Blaming the footwear training institutes and government policies as the source of this problem, Puran Dawar, Managing Director, Dawar Footwear Industries claimed that earlier, the footwear manufacturers never faced such problems as there was an automatic generation of trained labour in the form of the children of the footwear workers who came with their fathers to the manufacturing units and learned the art with them, on the spot.

He said that presently, the footwear industry of the town was churning up foreign exchange worth Rs. 1200 crores every year with almost 60 thousand workers producing close to 1.5 lakh pairs of shoes every day. On an average, he said, a shoe passed 150 hands during its manufacture in 7-8 steps and at present, the daily industrial production average of about 2 pairs of shoes per worker was being over shot by a huge margin, which needed to be brought down at 2 pairs per worker, if the quality had to be maintained and for that purpose, there was an urgent need for another 15 thousand skilled laborers in the industry.

The shortage was largely affecting the shoe upper manufacture as it was a completely manual process from cutting the leather to pasting and stitching the finished leather on the sole. "With the government declaring the presence of children inside a footwear unit as tantamount to promoting child labour, the kids of the footwear manufactures had been cut-off from this invaluable and natural source of learning", he said.

Besides, he said, while the footwear training institutes were stressing more on training footwear technicians and lower & middle-management candidates instead of training labourers, the Umbrella project launched by the central government had also failed to generate quality laborers creating an acute shortage of at least 15,000 labourers in the city's footwear export units.

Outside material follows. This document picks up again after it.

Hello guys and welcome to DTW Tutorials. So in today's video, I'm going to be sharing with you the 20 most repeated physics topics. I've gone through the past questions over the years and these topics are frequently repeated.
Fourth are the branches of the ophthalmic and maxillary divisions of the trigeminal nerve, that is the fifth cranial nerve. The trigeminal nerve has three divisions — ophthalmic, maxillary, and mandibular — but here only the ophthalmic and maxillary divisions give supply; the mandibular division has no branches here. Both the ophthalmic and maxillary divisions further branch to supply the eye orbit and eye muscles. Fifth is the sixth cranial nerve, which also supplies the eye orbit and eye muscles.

As a result, the exporters were being forced to employ unskilled labour and outsource the shoe-upper and sole manufacture to different cottage units instead of producing them in-house but these sub-contractors were also unable to fill-in the huge gap in the demand and supply that would be created once the industry began receiving bulk supply orders from large international clients that were beginning to break away from China and were looking at India as their new prospective supplier.

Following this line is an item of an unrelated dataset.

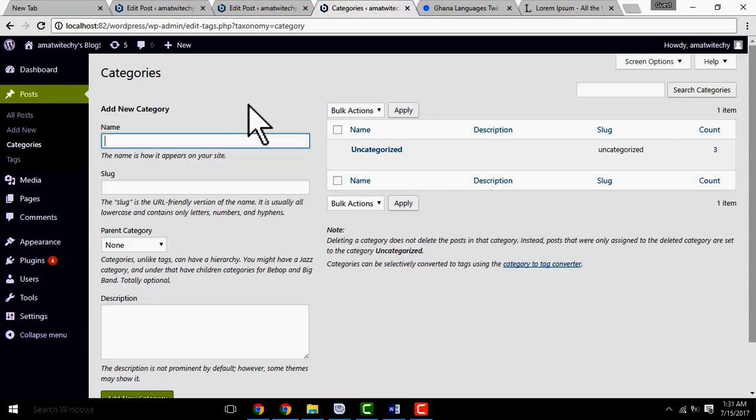Let me show you. If you create a category called Social Media, under Social Media you can have Facebook as a subcategory. You can also have Twitter under Social Media. And you can have Blogging under Content Marketing. These are all examples of how to structure your categories.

He said that AFMEC had suggested to the state government that it could provide all necessary technical know-how and training faculties if the government agreed on letting the footwear manufacturers utilize the infrastructure of the state-run schools between 4 pm - 7 pm to train willing candidates from class-8 upwards, in the art of footwear manufacturers for which, they could be provided with a stipend of Rs. 200 per candidate as had been already proposed by CLRI.

"The proposal had a double benefit as while it provided free training to the aspirants, it also generated future workers for the industry", he said.

But refuting the claims made by the footwear manufacturers, SN Ganguly, Director, Central Footwear Training Institute Agra said that the shortage was largely due to the low wages and perks offered by the footwear units to the workers and instead of thinking of spending their lives in a 3-4 thousand job, the young generation had now become ambitious, looking for a better-paying managerial post.